## ACTIVITY
Could you print exactly the lines of the listing below, starting at the line that has "1423 Winterwood Drive" and ending at the line that has "Шымкент – фото 5", and only those lines?

## MATERIAL TO PROCESS
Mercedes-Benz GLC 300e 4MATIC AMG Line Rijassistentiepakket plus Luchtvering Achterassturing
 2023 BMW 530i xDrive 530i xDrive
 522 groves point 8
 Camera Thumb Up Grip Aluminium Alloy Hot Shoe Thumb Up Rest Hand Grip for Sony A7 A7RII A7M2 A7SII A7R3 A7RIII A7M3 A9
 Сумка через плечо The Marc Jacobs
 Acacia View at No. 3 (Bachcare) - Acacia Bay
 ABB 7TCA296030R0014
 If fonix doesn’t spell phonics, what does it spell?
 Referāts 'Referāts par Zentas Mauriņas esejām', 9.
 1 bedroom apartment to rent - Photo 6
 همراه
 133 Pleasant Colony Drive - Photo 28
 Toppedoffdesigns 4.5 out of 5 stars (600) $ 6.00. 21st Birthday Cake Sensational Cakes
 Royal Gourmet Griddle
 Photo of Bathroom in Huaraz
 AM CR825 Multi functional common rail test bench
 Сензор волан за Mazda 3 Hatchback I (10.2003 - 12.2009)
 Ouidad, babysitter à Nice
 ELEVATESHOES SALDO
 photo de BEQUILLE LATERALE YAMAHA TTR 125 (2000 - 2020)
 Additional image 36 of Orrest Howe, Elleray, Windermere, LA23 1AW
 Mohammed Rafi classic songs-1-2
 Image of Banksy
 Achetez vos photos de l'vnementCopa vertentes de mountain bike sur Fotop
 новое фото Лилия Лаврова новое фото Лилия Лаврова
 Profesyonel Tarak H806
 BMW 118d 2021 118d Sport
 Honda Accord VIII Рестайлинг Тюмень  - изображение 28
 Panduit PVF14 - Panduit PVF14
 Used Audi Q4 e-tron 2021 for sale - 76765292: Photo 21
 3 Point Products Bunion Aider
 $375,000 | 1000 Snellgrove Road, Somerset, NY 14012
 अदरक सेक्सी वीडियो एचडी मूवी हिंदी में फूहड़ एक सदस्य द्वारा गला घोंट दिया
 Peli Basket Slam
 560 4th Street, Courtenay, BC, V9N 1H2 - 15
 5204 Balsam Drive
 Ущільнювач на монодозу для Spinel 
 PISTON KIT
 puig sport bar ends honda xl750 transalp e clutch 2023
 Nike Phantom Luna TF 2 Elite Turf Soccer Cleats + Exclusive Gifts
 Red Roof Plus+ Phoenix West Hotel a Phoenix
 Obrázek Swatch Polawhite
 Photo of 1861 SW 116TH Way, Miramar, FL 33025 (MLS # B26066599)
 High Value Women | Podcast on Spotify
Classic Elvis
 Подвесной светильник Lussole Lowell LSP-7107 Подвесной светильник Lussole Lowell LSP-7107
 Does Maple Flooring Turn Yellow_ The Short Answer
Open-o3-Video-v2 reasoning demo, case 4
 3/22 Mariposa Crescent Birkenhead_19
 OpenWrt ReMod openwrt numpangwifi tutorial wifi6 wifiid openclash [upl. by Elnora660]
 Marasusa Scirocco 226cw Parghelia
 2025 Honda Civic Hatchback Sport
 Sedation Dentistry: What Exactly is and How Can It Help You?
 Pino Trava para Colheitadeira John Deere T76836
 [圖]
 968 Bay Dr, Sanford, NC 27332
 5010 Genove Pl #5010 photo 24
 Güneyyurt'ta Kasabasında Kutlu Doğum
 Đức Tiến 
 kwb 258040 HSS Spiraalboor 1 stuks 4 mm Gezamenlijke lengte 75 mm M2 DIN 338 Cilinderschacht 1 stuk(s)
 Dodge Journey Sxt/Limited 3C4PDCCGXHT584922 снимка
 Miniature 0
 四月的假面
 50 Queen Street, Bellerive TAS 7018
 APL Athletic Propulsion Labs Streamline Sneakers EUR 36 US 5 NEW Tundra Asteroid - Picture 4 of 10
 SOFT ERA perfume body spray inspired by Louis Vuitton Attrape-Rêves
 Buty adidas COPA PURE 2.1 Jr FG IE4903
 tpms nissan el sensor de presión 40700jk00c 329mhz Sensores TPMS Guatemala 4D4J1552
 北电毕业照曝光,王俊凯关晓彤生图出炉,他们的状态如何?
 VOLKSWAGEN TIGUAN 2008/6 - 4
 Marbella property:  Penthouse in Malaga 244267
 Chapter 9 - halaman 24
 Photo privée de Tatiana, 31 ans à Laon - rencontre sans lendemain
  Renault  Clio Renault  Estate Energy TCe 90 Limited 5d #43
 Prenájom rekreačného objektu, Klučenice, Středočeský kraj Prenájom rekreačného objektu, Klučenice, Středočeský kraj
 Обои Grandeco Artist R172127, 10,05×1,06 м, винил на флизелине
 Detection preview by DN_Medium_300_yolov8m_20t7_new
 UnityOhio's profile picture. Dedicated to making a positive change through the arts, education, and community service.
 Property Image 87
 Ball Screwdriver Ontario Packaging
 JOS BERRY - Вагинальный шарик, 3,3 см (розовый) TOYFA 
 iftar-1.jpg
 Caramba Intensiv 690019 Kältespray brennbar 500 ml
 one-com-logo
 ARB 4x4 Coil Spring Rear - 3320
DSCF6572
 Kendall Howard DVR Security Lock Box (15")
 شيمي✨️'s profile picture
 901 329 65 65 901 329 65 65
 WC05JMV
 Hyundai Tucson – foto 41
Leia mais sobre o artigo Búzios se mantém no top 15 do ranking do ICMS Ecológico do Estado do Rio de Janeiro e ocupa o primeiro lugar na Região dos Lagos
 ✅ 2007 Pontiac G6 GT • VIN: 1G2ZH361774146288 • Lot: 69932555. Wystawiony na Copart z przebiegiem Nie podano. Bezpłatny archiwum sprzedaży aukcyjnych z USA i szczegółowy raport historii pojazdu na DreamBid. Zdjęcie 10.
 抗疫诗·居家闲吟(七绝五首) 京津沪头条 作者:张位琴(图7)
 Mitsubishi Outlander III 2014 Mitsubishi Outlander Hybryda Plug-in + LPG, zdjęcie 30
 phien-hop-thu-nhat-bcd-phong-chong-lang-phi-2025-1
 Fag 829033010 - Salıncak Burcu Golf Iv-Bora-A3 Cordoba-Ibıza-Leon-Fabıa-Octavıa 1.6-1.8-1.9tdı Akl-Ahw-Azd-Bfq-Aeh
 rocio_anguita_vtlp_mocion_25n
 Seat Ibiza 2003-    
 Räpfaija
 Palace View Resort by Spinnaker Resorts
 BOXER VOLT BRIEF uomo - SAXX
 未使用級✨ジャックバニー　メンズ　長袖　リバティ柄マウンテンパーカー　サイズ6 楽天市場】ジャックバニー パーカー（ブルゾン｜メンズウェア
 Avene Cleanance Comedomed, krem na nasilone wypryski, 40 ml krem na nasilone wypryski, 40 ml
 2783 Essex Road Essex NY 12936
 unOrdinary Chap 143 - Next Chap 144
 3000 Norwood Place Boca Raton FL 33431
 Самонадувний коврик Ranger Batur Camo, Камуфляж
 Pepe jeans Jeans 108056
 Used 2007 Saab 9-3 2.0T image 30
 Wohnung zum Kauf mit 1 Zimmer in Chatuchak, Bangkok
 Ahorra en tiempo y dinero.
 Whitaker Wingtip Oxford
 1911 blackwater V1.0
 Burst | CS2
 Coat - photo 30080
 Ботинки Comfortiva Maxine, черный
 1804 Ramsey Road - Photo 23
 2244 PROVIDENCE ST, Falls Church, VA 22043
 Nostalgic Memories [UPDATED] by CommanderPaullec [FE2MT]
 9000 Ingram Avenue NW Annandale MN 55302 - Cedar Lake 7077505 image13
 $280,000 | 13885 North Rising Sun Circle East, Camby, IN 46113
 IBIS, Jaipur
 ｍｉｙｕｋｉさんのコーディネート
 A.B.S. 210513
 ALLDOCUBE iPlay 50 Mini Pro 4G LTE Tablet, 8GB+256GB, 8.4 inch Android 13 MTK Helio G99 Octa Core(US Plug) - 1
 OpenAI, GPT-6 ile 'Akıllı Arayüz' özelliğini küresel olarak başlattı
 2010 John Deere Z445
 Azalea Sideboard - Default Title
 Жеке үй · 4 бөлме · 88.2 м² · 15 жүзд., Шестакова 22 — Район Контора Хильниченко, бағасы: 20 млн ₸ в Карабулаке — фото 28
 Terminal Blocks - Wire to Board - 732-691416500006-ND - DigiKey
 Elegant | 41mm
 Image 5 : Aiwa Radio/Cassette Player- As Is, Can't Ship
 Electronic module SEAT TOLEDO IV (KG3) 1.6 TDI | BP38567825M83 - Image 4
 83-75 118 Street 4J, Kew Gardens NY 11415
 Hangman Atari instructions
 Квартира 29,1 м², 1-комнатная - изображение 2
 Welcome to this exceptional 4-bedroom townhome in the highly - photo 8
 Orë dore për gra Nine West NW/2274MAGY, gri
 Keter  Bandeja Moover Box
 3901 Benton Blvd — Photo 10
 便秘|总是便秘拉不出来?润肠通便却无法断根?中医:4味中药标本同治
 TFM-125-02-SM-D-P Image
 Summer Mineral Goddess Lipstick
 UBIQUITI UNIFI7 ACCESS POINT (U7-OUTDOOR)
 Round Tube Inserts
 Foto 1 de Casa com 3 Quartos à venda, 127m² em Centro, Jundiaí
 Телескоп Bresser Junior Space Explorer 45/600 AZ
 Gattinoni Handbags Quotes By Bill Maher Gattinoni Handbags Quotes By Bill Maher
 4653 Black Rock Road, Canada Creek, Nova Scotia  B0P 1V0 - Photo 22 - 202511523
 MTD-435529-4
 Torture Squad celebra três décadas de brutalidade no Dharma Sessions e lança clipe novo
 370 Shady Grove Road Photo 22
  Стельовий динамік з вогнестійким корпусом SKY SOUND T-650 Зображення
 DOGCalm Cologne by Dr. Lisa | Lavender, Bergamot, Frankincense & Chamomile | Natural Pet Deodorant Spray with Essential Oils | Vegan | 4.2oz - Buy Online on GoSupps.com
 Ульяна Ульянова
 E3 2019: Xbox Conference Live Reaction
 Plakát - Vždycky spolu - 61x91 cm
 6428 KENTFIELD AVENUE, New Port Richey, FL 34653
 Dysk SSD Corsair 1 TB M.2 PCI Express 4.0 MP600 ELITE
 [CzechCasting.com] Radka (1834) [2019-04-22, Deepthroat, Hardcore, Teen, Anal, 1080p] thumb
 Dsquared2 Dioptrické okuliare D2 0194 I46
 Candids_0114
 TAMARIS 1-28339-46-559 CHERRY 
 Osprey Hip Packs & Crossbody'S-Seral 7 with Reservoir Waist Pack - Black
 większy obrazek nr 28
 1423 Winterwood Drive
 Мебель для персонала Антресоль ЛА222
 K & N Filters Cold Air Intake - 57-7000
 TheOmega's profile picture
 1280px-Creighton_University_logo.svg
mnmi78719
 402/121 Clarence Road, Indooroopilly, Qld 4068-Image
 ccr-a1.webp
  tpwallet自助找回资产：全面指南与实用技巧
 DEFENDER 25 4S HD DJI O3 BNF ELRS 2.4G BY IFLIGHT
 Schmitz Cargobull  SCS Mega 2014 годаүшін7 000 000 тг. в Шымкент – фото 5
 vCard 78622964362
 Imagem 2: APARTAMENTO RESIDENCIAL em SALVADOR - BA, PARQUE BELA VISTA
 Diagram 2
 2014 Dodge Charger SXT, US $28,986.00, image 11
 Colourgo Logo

## PROBLEM SOLUTION
 1423 Winterwood Drive
 Мебель для персонала Антресоль ЛА222
 K & N Filters Cold Air Intake - 57-7000
 TheOmega's profile picture
 1280px-Creighton_University_logo.svg
mnmi78719
 402/121 Clarence Road, Indooroopilly, Qld 4068-Image
 ccr-a1.webp
  tpwallet自助找回资产：全面指南与实用技巧
 DEFENDER 25 4S HD DJI O3 BNF ELRS 2.4G BY IFLIGHT
 Schmitz Cargobull  SCS Mega 2014 годаүшін7 000 000 тг. в Шымкент – фото 5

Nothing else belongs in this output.